BRIEF => An exact restatement is required. Cover only the lines of the records from the first through the line with "Grande collana di perle argento-oro", and skip pictures.

DATA RECORDS =>
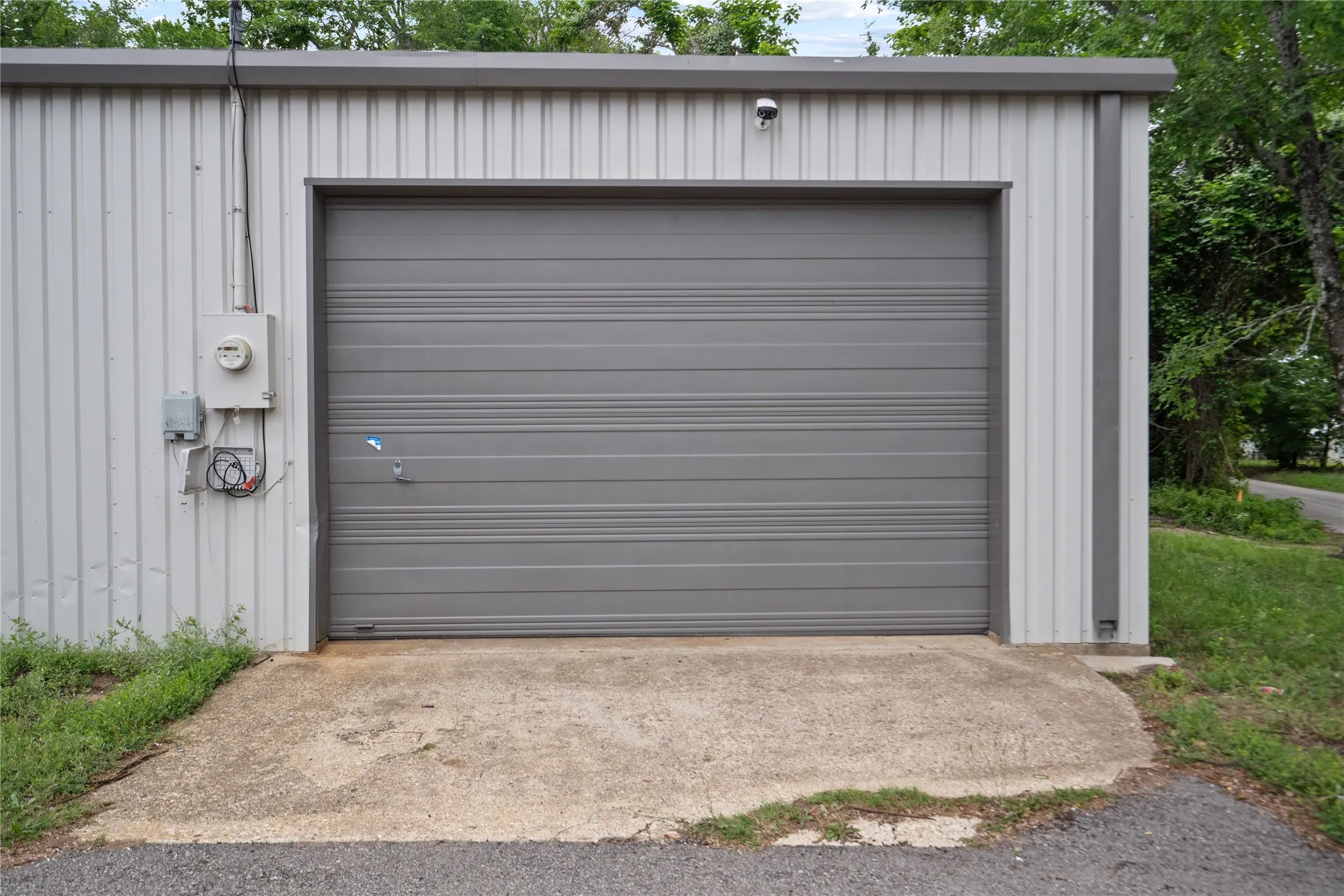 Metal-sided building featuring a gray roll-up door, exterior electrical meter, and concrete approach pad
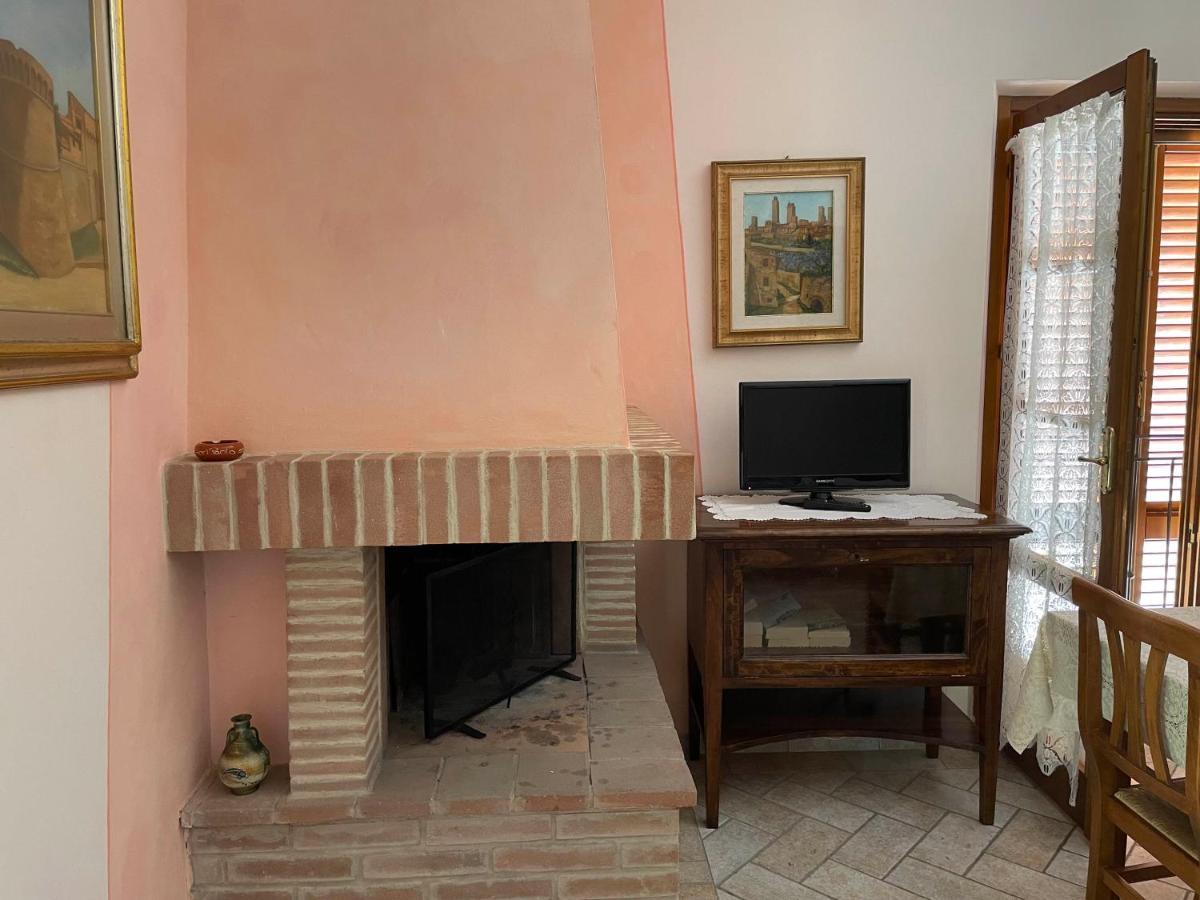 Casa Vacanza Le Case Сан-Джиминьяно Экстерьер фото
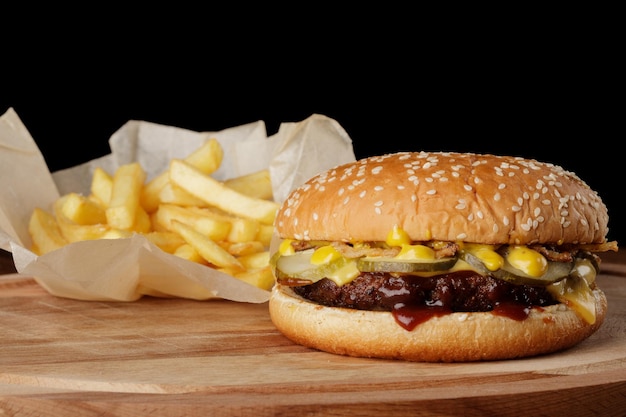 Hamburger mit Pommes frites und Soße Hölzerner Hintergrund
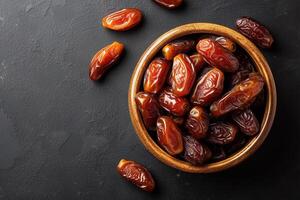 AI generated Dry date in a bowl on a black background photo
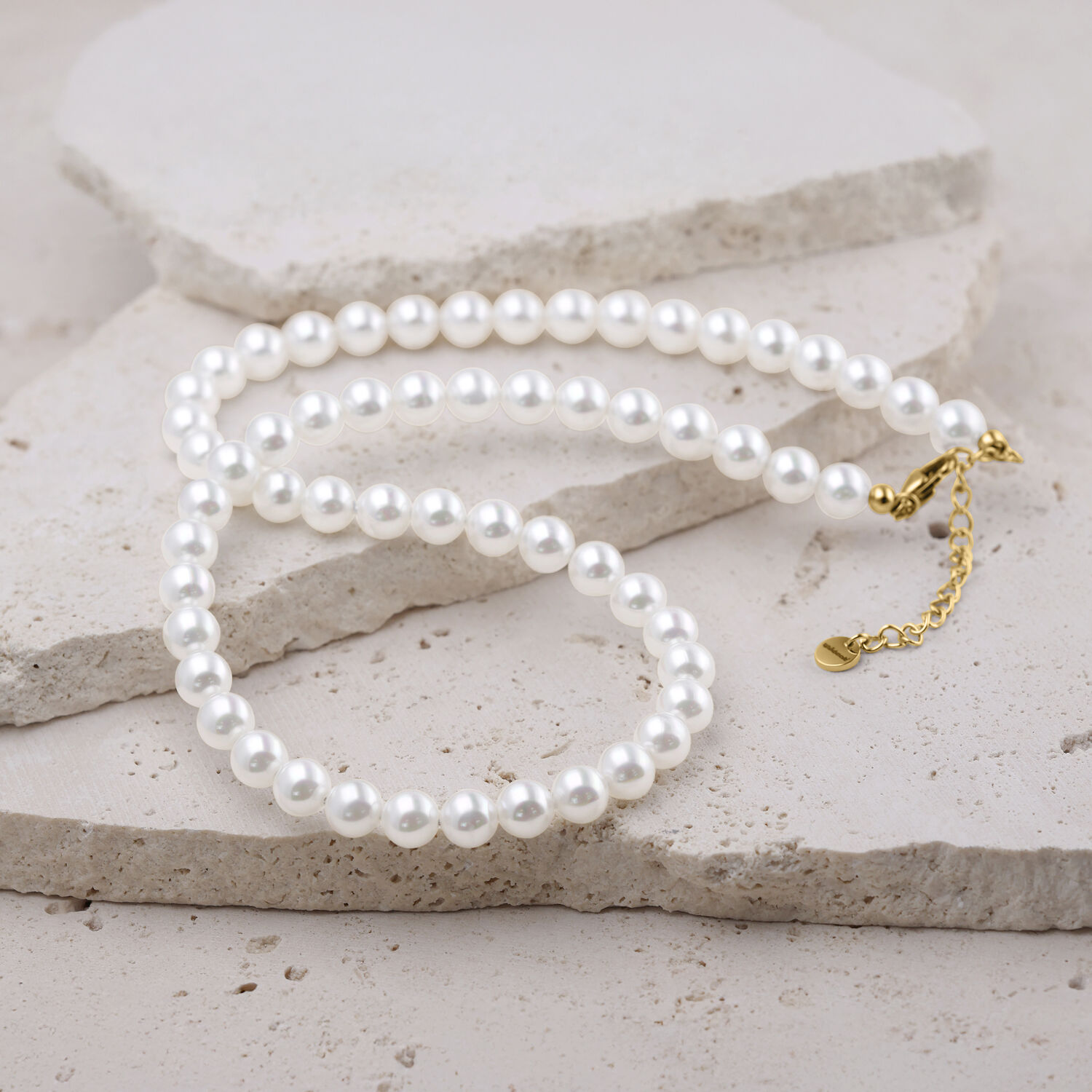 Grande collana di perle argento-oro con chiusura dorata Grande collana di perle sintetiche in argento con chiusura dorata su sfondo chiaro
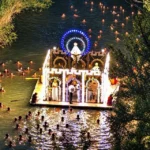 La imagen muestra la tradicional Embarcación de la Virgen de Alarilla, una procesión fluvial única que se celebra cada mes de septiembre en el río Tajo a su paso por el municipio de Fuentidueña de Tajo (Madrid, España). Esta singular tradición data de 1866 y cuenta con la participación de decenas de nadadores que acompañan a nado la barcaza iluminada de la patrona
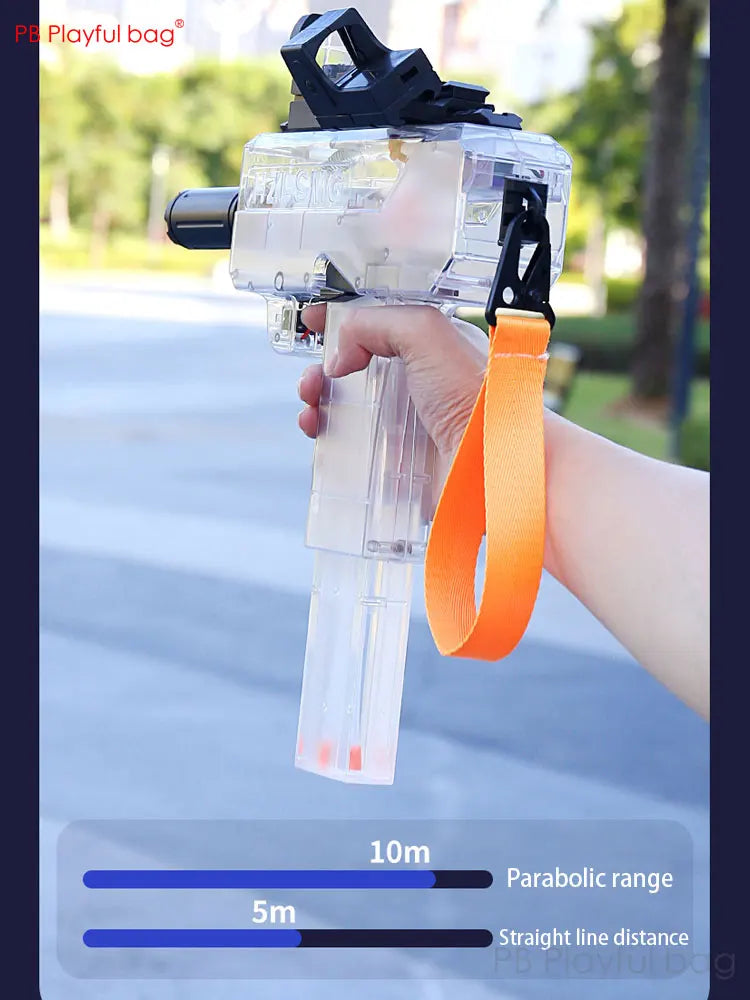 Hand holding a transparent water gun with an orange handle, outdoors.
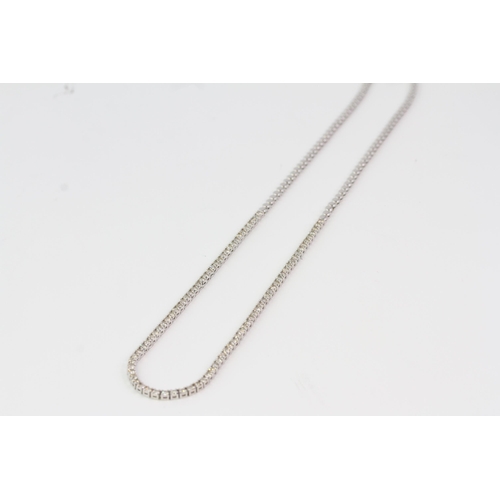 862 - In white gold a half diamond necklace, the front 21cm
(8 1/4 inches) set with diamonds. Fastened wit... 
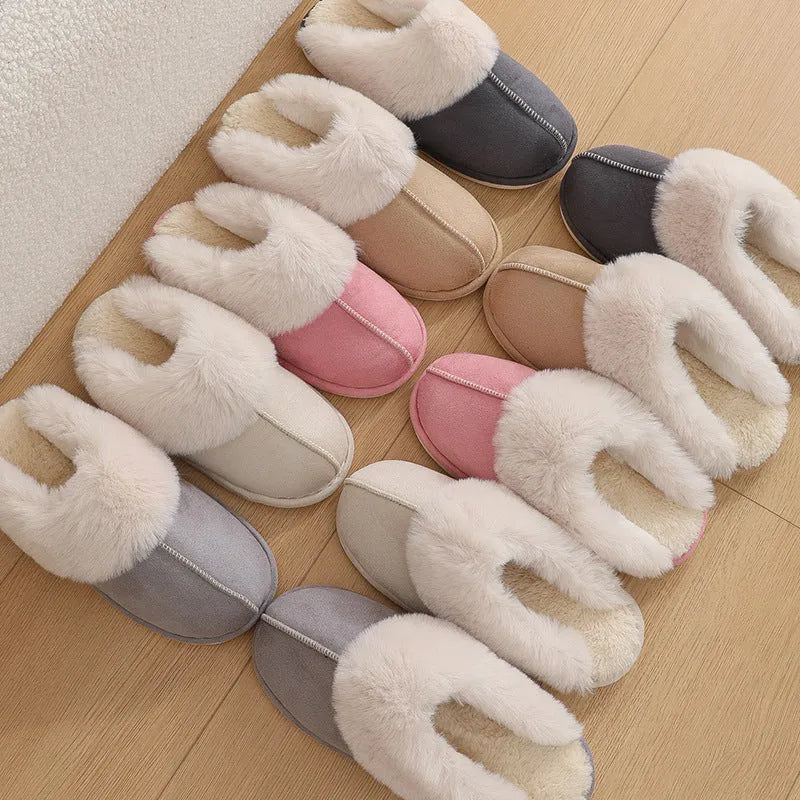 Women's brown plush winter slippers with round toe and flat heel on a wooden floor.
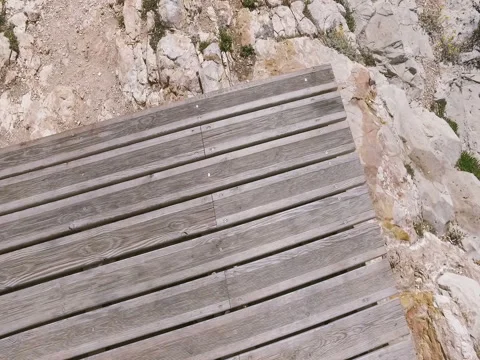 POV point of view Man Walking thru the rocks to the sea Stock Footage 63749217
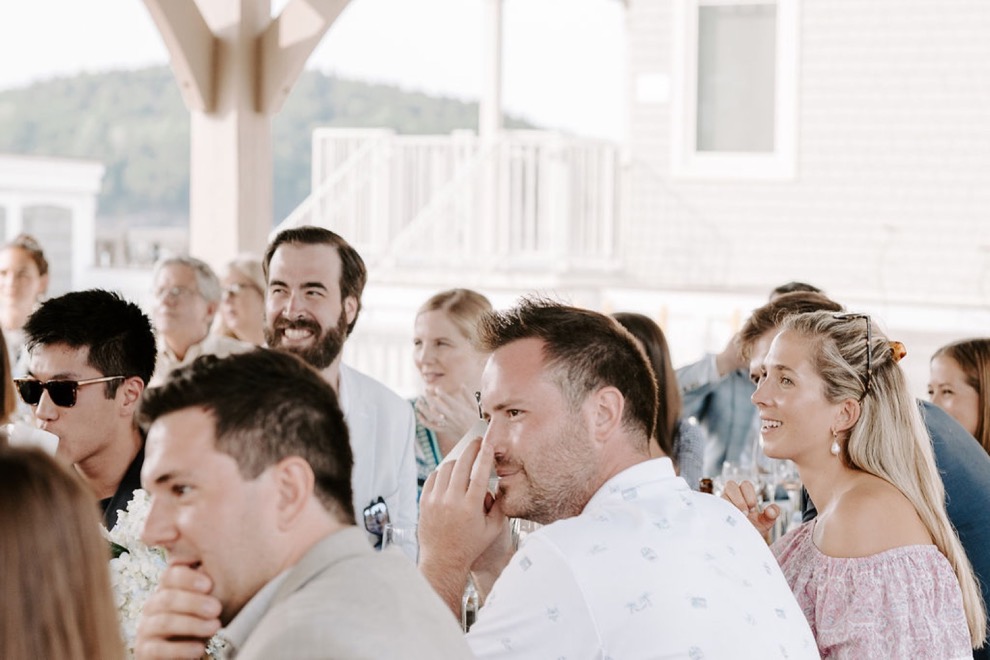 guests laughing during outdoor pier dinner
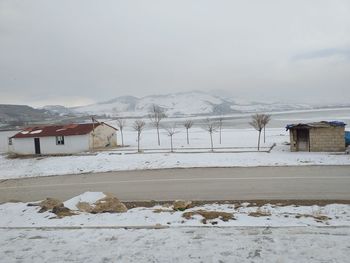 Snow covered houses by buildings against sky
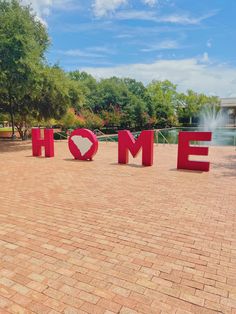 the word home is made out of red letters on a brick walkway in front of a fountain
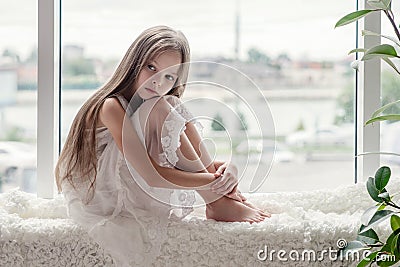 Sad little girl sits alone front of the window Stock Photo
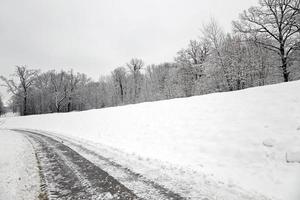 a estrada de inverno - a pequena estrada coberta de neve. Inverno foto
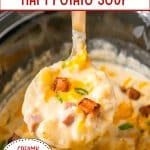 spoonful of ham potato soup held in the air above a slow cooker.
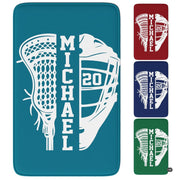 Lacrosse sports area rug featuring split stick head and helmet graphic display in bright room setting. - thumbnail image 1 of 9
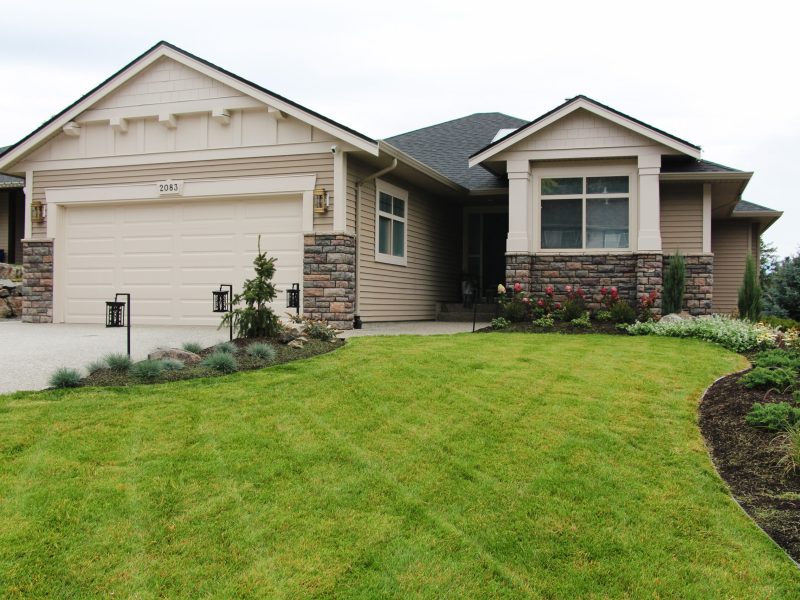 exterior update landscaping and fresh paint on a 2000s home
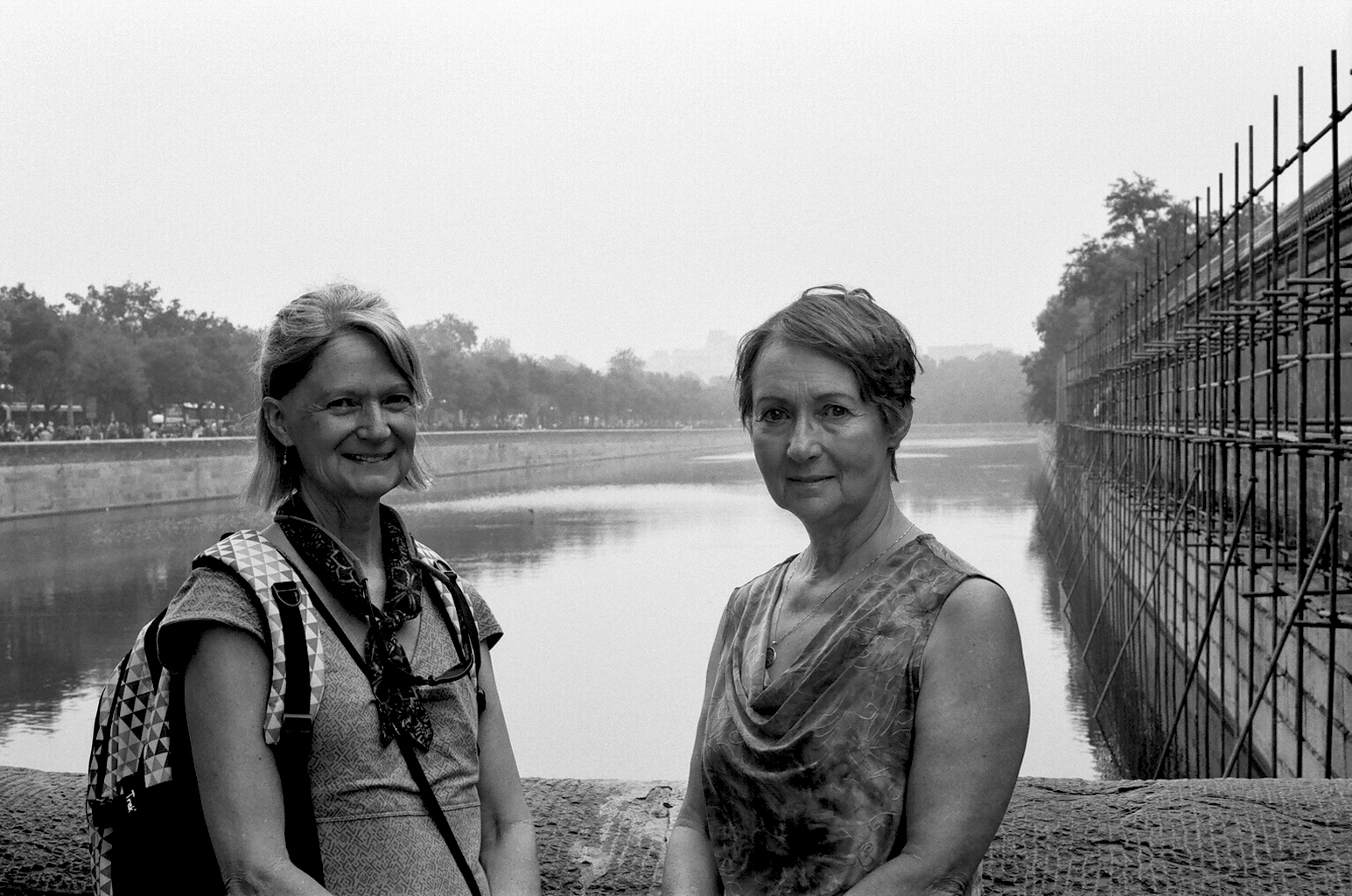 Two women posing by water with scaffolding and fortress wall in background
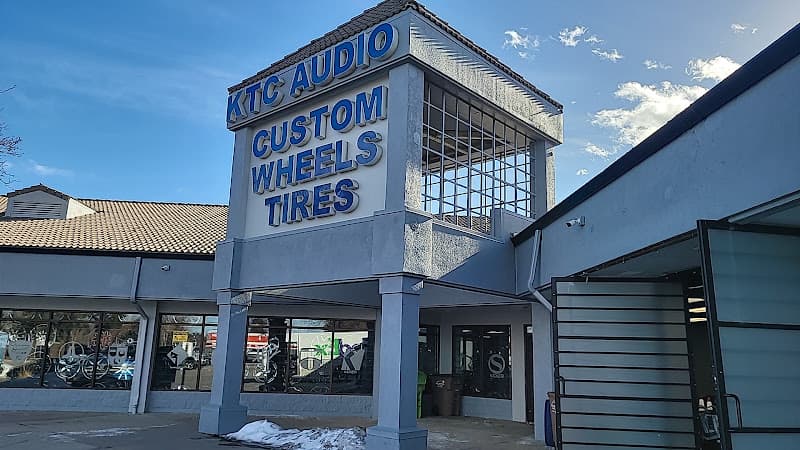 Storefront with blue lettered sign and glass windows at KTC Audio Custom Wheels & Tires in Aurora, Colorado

SOLUTION BELOW =>
 Metal-sided building featuring a gray roll-up door, exterior electrical meter, and concrete approach pad
 Casa Vacanza Le Case Сан-Джиминьяно Экстерьер фото
 Hamburger mit Pommes frites und Soße Hölzerner Hintergrund
 AI generated Dry date in a bowl on a black background photo
 Grande collana di perle argento-oro con chiusura dorata Grande collana di perle sintetiche in argento con chiusura dorata su sfondo chiaro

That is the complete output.